Corbelli, ideatore e promotore nel 2008 della proposta di legge che ha istituito la figura del Garante della Salute in Calabria, ricorda di aver già sollecitato, nelle scorse settimane, il presidente del Consiglio regionale affinché si procedesse alla designazione del successore. «È passato quasi un anno e il nuovo Garante della Salute non è stato ancora nominato, nonostante sia stato pubblicato il bando e comunicato l'elenco degli idonei.
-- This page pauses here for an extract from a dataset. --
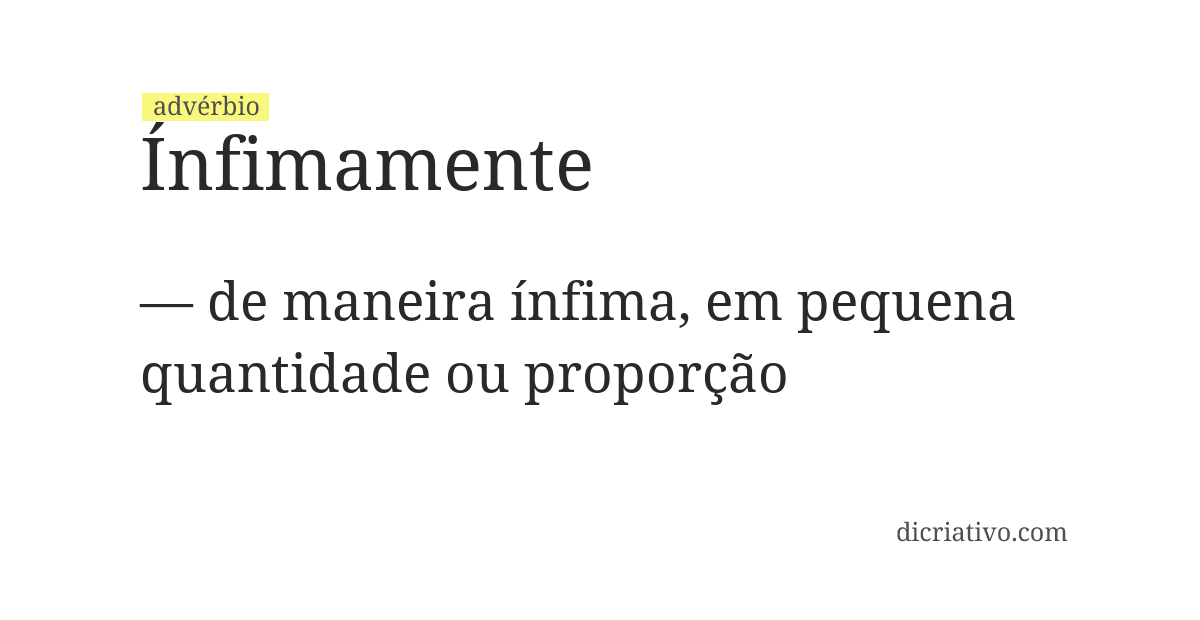 Significado de ínfimamente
Per questo mi rivolgo oggi al presidente Roberto Occhiuto, affinché intervenga e si proceda finalmente alla nomina».
Secondo Corbelli, il Garante rappresenta un presidio fondamentale in una regione che continua a fare i conti con le criticità del sistema sanitario. «Il suo ruolo è troppo importante, soprattutto in Calabria, dove i cittadini hanno bisogno di un punto di riferimento per la tutela del diritto alla salute. Mi auguro che il nuovo Garante venga scelto esclusivamente sulla base dell'esperienza e della competenza, senza logiche di appartenenza politica».
Il leader di Diritti Civili ricorda inoltre il lungo percorso che ha portato all'attivazione dell'istituto, approvato dal Consiglio regionale nel 2008 ma rimasto inattuato fino all'ottobre 2022, quando fu nominata la prima Garante della Salute, Anna Maria Stanganelli. «I risultati ottenuti in questi anni dimostrano quanto fosse giusta quell'intuizione e quanto sia importante dare continuità a questa figura istituzionale, nata per essere al servizio dei cittadini».